START DATA FOR THE TASK

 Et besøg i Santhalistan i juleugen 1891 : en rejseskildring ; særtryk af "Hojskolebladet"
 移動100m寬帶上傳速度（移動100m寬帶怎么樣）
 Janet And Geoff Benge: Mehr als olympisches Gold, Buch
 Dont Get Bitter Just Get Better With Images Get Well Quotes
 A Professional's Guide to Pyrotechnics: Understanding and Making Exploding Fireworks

END DATA FOR THE TASK
START DATA FOR THE TASK

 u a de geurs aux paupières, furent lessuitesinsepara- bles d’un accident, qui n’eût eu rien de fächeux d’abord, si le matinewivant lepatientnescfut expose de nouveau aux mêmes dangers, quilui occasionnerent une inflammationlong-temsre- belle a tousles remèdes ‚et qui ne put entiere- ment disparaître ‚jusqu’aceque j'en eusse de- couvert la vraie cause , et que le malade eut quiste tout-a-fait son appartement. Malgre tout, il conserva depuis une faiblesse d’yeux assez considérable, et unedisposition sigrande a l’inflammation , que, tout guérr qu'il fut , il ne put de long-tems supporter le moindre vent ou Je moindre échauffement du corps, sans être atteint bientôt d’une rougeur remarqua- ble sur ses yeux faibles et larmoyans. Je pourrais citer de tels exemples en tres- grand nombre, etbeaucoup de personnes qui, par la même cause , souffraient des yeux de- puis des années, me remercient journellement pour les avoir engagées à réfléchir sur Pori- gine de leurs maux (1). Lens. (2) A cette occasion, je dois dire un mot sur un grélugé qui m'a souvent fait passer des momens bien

END DATA FOR THE TASK
START DATA FOR THE TASK

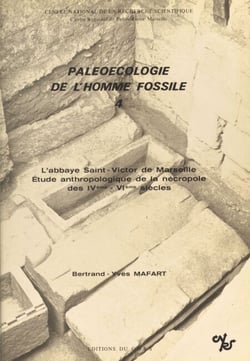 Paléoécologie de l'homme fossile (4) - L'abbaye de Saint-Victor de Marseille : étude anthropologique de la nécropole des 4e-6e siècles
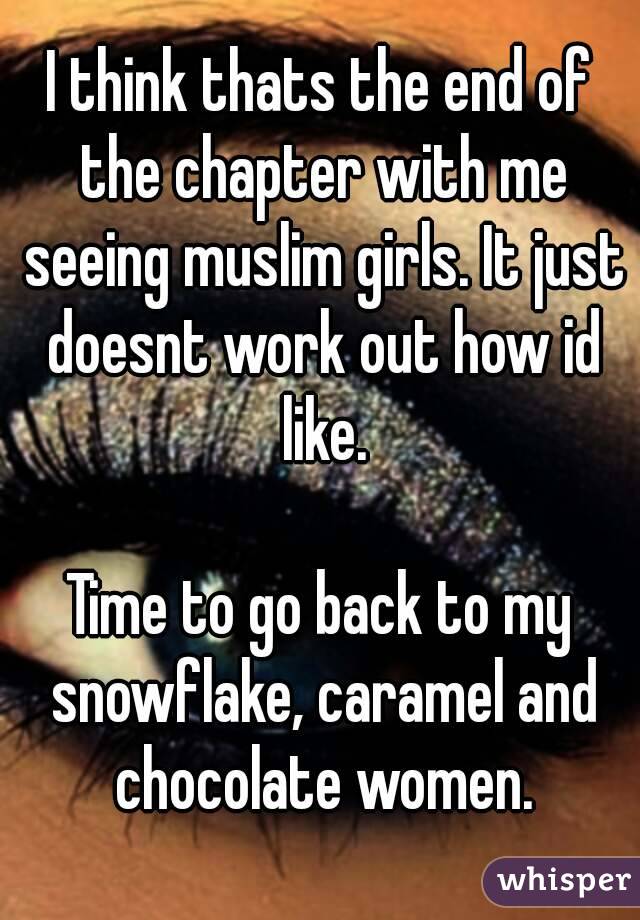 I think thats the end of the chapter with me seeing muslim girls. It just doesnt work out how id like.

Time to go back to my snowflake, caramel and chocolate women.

END DATA FOR THE TASK

Reproduce exactly the stretch of the material above that starts at the line with "移動100m寬帶上傳速度（移動100m寬帶怎么樣）" and ends at the line with "A Professional's Guide", both included, and nothing else.

* [RESULT OF THIS TASK]:
 移動100m寬帶上傳速度（移動100m寬帶怎么樣）
 Janet And Geoff Benge: Mehr als olympisches Gold, Buch
 Dont Get Bitter Just Get Better With Images Get Well Quotes
 A Professional's Guide to Pyrotechnics: Understanding and Making Exploding Fireworks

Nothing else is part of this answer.